- Film poster
- French: Tenue de soirée
- Directed by: Bertrand Blier
- Written by: Bertrand Blier
- Produced by: René Cleitman
- Starring: Gérard Depardieu Michel Blanc Miou-Miou
- Cinematography: Jean Penzer
- Edited by: Claudine Merlin
- Music by: Serge Gainsbourg
- Distributed by: Acteurs Auteurs Associés
- Release date: 23 April 1986;
- Running time: 84 minutes
- Country: France
- Language: French
- Box office: $23.6 million

= Evening Dress (film) =

1986 film by Bertrand Blier

Evening Dress (Tenue de soirée, also known as Ménage) is a 1986 French comedy-drama film directed by Bertrand Blier. It was entered into the 1986 Cannes Film Festival where Michel Blanc won the award for Best Actor.

==Background==
The idea for Tenue de soirée came to Blier around the time of Les Valseuses, and his intention then was to cast Depardieu with his co-star from the earlier film, Patrick Dewaere. In the 1980s Blier created the screenplay and shared it with Depardieu, with the other male lead now intended for Bernard Giraudeau, but he was in turn replaced by Michel Blanc. After Les Valseuses and Préparez vos mouchoirs the Depardieu-Blanc couple in this film allows Blier to examine further aspects of male relationships, mainly in terms of dominant/dominated. Although Blier had wanted to repeat the central trio of Valseuses (Depardieu, Dewaere, Miou-Miou), the suicide of Dewaere in 1982 had put paid to his plans. The film marked a turning point in the screen career for Blanc. In 1985 he was approached by Blier with the offer of a role in his next project, but after Giraudeau withdrew gave him one of the leads. The film also meant that Blanc lost his familiar moustache by the end of the film.

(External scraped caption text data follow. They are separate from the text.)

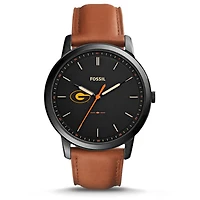 Fossil Grambling Tigers The Minimalist Slim Leather Watch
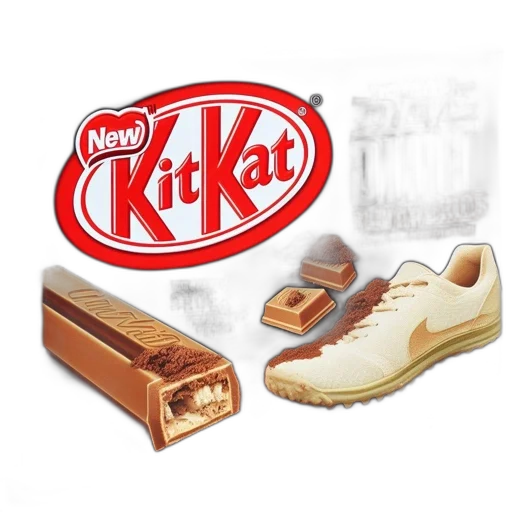 shoes, food, kitkat, package transparent PNG cut-out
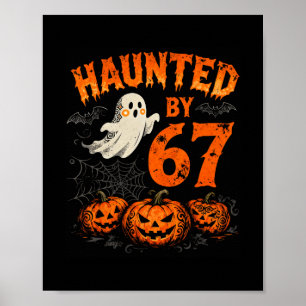 Halloween Haunted Six Seven Number Gen Alpha Slang Poster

A British reviewer noted "this is a film about love, and the less likely the object, the stronger the film". He commended the "superb" dialogue and the choice of actors. The cast and crew, while thrilled with the humour of the rushes they saw, were fearful of the public reaction, particularly to the homosexual element. However, an enthusiastic article in Gai pied, entitled "Touche pas à la femme Blanc" sealed the realisation that no mockery was intended.

Blier positioned the film within a category of his output which he called "La direction de base, c’est celle de la truculence, du récit picaresque" ("The basic direction is that of a larger-than-life, picaresque narrative"). He noted that the characters were marked by aggression "ils s’engueulent, sont mécontents, presque toujours du mauvais côté de la rue" ("they argue, are unhappy, almost always on the wrong side of the track").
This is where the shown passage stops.